This is the definitive text on Delta blues, impeccably researched and written. Ted Gioia shines an equal light on folklorists and artists, historians and critics, until they all cast a single, recognizable shadow upon the development of an idiom that has been dimmed through far too many texts that obscure actual origin and evolution.
Much of the material has been covered in other books, but without Gioia's grasp of history. His superior scholarship becomes obvious in the Robert Johnson chapter. Rather than worry about the devil at the crossroads, Gioia is concerned with what kind of music the fallen angel would make, which was entirely commercial, learned more from recordings than from peers. Folklorists often missed the point.
It just shows that we have to be careful with categories when it comes to early American music. Delta blues may stand as the first pop sound on the road to rock 'n' roll. It had no direct West African ancestry. Its roots were in the grooves of records that sold like the devil's business at the time.
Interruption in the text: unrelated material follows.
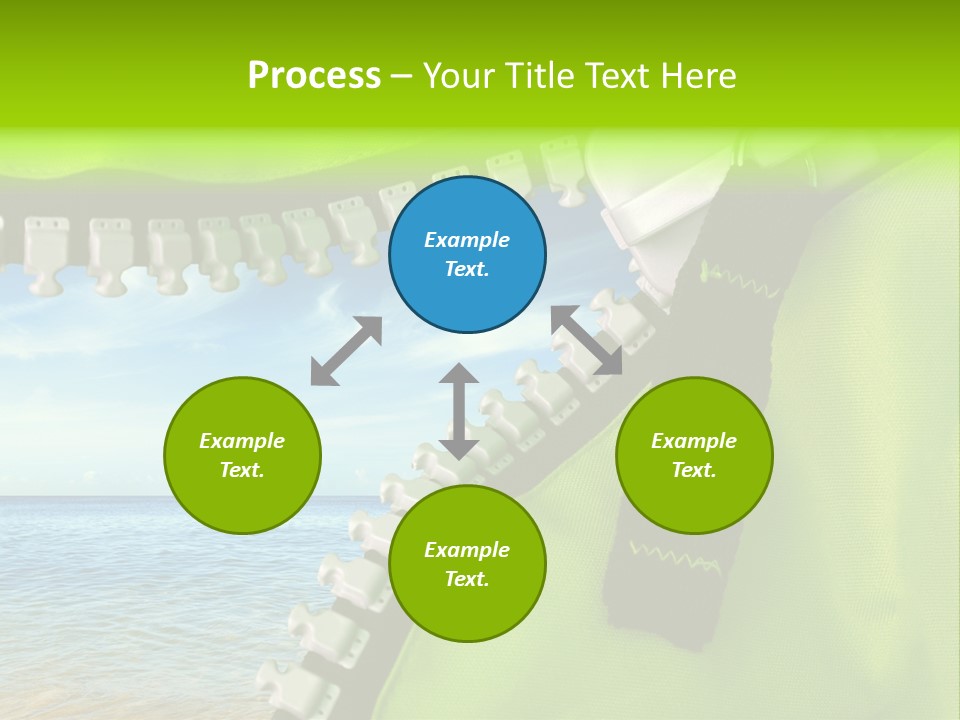 Unzipped Zip Blue PowerPoint Template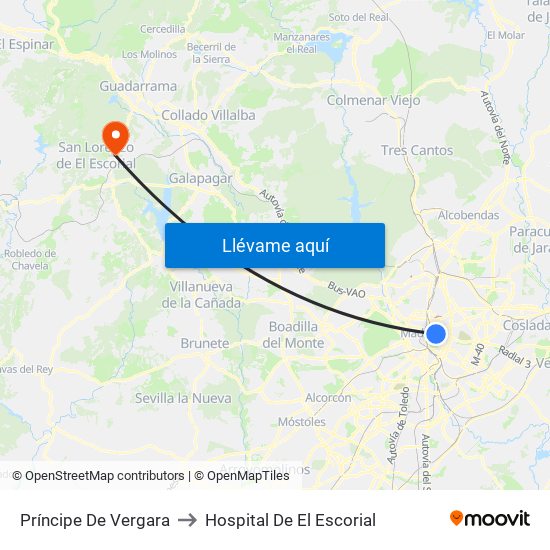 Príncipe De Vergara to Hospital De El Escorial map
Chapters on Bukka White, Son House and John Lee Hooker are tempered gems. The only time the author starts to head for the wishing well instead of just turning on the tap is when he refuses to admit that the Delta blues is more than likely gone no matter what its enduring influence has been. One cannot blame Gioia for being a poet in the end as he has been such an authoritative historian, leaving readers at the crossroads after a well-informed ride.